Hoping this is not a doomsday thread. I applied TNex at the label rate of .75 oz per 1k sq ft and Propiconazole 14.3 at 1 oz per 1k sq ft this morning without understanding Propi's growth suppression effects. I have a mix of 80% kbg and 20% prg. Had anyone on here experienced this before? Any suggestions on what can be done or what I may be expecting on the coming days / weeks?


----------



## JerseyGreens (Aug 30, 2019)

What are your temps the next few days? Honestly that is a very high dose of PGR for a KBG/PRG lawn...good thing you didn't have a higher dose of Propi.

It's going to start looking over regulated and crappy as early as tomorrow.
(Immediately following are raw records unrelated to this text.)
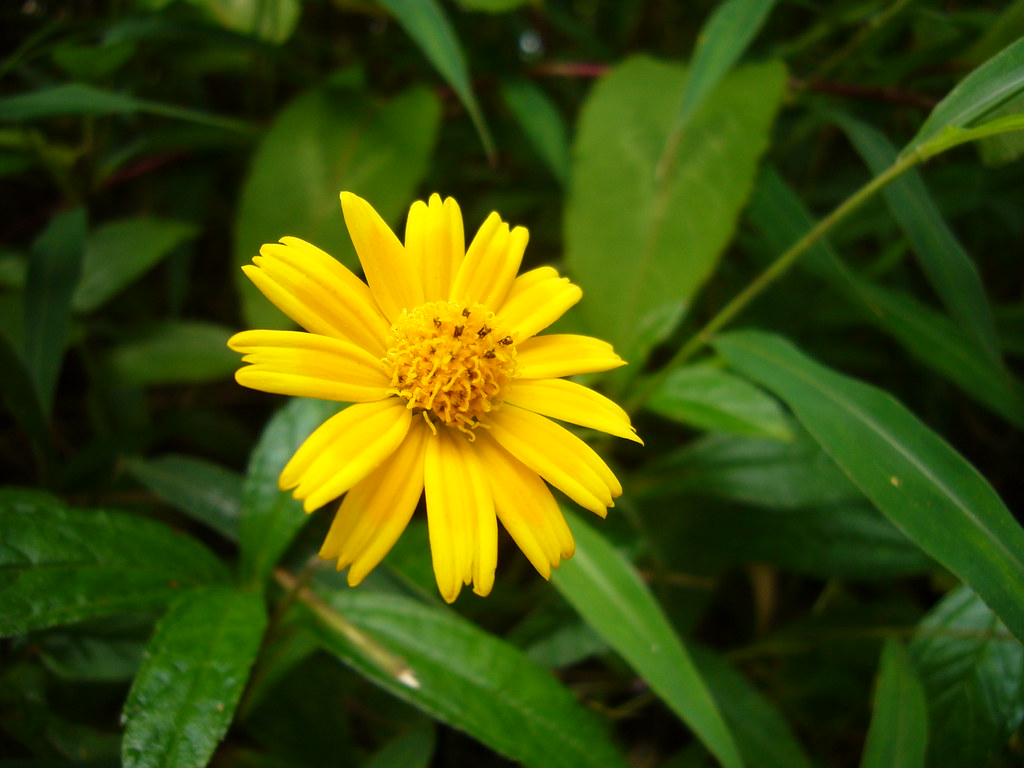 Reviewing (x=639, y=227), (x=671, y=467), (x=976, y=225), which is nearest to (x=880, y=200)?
(x=976, y=225)

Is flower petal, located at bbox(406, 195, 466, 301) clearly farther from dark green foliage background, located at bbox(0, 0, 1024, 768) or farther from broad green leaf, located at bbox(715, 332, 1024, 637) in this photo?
broad green leaf, located at bbox(715, 332, 1024, 637)

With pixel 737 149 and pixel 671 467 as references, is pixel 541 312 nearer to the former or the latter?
pixel 671 467

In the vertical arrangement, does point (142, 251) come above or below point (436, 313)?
above

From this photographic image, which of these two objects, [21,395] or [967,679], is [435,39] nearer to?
[21,395]

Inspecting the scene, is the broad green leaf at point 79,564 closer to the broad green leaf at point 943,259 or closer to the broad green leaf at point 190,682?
the broad green leaf at point 190,682

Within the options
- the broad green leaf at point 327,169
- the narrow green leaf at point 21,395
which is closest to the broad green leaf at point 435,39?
the broad green leaf at point 327,169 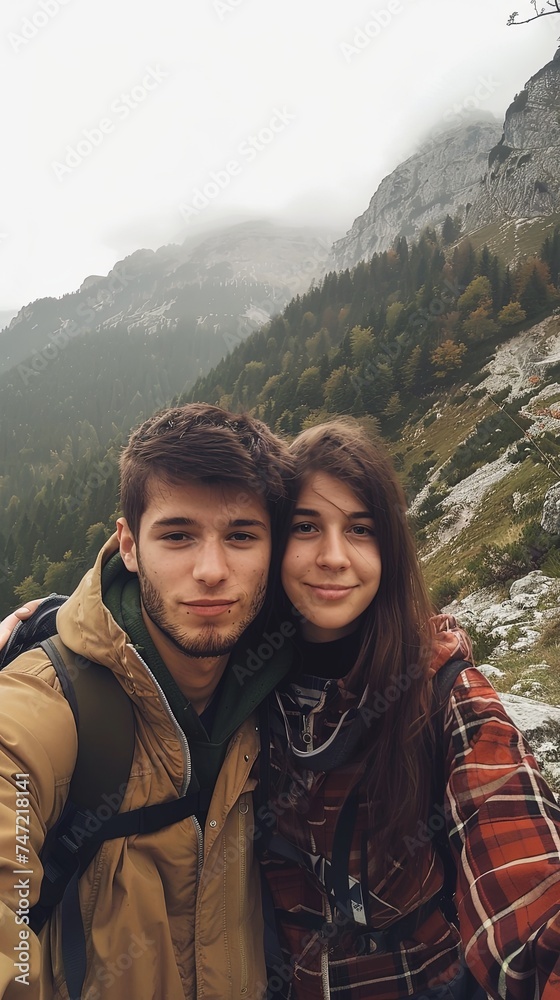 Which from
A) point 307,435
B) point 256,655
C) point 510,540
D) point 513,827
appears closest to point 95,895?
point 256,655

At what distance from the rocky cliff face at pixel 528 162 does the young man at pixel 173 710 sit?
67403mm

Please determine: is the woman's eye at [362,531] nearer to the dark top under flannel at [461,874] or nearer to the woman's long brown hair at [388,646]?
the woman's long brown hair at [388,646]

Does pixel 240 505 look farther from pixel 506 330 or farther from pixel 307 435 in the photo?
pixel 506 330

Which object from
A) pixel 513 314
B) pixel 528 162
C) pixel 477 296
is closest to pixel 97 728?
pixel 513 314

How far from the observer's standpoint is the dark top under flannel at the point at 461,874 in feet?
4.70

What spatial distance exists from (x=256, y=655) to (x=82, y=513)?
63094 mm

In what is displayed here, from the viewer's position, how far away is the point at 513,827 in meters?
1.56

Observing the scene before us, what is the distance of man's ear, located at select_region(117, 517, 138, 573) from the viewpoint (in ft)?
7.09

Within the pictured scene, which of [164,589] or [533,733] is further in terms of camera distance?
[533,733]

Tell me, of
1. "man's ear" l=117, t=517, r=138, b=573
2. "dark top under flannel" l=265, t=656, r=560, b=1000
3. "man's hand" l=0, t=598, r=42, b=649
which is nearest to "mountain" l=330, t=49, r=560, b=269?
"man's ear" l=117, t=517, r=138, b=573

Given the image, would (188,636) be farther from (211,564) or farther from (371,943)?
(371,943)

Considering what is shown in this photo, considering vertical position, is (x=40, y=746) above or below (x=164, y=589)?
below

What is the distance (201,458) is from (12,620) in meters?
1.32

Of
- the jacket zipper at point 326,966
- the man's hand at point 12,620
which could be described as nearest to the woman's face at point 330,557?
the jacket zipper at point 326,966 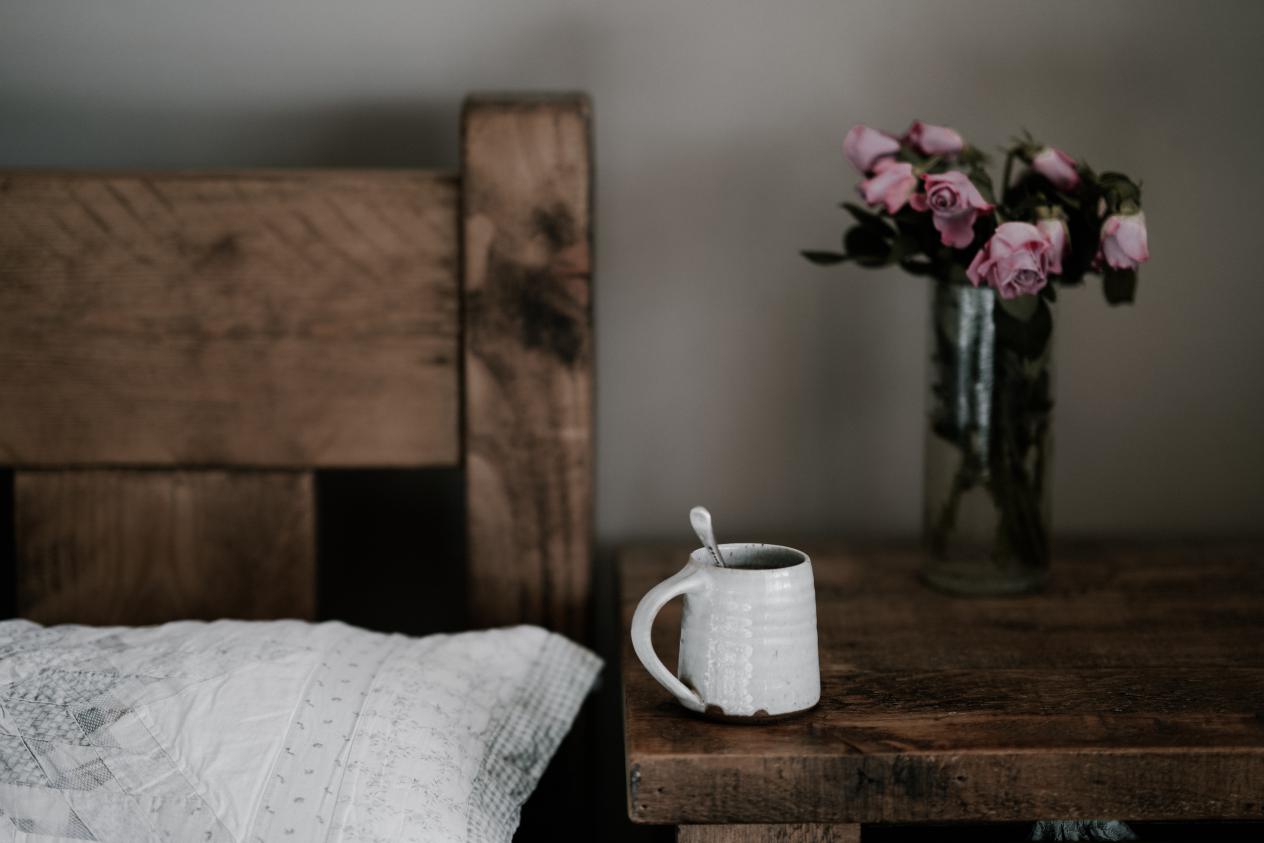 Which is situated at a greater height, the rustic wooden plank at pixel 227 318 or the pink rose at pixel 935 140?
the pink rose at pixel 935 140

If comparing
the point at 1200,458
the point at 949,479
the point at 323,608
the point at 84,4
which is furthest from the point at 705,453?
the point at 84,4

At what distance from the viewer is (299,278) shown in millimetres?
1014

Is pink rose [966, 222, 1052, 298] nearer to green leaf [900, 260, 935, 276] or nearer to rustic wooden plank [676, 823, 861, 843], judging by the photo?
green leaf [900, 260, 935, 276]

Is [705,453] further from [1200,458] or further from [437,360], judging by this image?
[1200,458]

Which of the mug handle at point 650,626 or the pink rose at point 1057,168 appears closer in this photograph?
the mug handle at point 650,626

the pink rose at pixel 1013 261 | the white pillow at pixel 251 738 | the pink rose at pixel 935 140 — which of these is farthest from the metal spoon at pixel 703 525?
the pink rose at pixel 935 140

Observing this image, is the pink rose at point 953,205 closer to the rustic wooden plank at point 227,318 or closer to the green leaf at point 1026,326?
the green leaf at point 1026,326

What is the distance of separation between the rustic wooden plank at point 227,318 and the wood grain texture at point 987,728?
1.04 feet

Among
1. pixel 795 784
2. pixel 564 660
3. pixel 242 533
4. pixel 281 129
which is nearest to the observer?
pixel 795 784

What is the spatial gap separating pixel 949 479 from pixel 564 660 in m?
0.39

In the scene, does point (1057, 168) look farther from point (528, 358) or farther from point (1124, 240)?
point (528, 358)

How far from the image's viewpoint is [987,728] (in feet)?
2.39

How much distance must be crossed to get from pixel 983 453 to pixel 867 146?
0.29 metres

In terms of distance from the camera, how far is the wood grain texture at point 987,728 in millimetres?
693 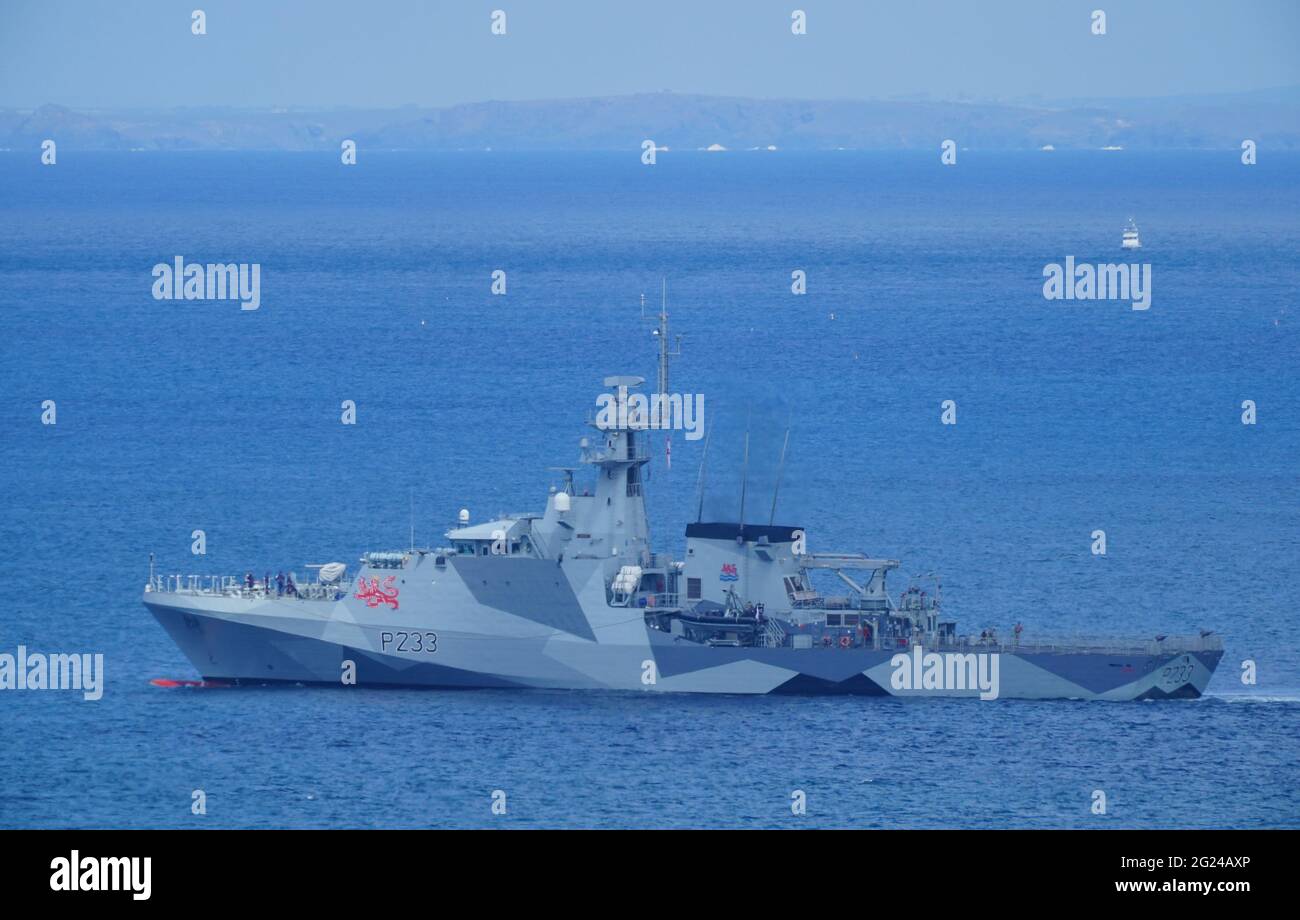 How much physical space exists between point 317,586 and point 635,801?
13.7 metres

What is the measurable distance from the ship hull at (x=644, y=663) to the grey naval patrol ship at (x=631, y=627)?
3cm

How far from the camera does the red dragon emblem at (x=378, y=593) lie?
6141 cm

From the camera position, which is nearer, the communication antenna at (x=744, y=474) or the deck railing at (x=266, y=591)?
the communication antenna at (x=744, y=474)

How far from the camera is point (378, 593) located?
6153 centimetres

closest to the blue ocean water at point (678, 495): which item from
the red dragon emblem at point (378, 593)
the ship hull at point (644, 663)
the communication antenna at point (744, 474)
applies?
the communication antenna at point (744, 474)

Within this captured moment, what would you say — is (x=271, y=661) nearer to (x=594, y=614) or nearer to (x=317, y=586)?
(x=317, y=586)

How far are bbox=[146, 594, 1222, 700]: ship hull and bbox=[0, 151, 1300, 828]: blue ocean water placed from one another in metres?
0.64

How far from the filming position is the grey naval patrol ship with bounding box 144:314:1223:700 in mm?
60125

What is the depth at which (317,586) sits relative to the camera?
6303 cm

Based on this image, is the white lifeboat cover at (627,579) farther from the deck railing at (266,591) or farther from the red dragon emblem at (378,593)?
the deck railing at (266,591)

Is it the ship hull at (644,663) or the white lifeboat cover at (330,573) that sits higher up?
the white lifeboat cover at (330,573)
Will take some time for it to recover but nothing doomsday...you probably didn't kill your lawn.

Was this your first time using PGR?


----------



## SNOWBOB11 (Aug 31, 2017)

What is your current cutting hight?


----------



## Dlux4life (Oct 10, 2020)

This was the 3rd time applying the t-nex this season. I'm about 45 min north of Boston. I'm looking at 90 tomorrow and then a stretch of mid 70's the next 5 days. Rain off and on.

The .75 oz per 1k sq ft was the label rate on the tnex brochure for a kbg/ prg mix. Is it normal to put down lesser applications of it?

My current hoc is .7".

What do you mean by over regulated looking?

I'll take some pictures every few days to post as a reference.


----------



## Pete1313 (May 3, 2017)

It's going to look bad for a few weeks. Even at 1 oz/M of propi. Good news is it is grass and will recover.


----------



## JerseyGreens (Aug 30, 2019)

Dlux4life said:


> This was the 3rd time applying the t-nex this season. I'm about 45 min north of Boston. I'm looking at 90 tomorrow and then a stretch of mid 70's the next 5 days. Rain off and on.
> 
> The .75 oz per 1k sq ft was the label rate on the tnex brochure for a kbg/ prg mix. Is it normal to put down lesser applications of it?
> 
> ...




On my last awesome sauce application (T-nex+FEature+citric acid+N) I mistakenly did an extra east to west spray in that red circled area...followed by my normal north to south sprays. That got a double dose of the sauce at 0.33oz T-nex per K...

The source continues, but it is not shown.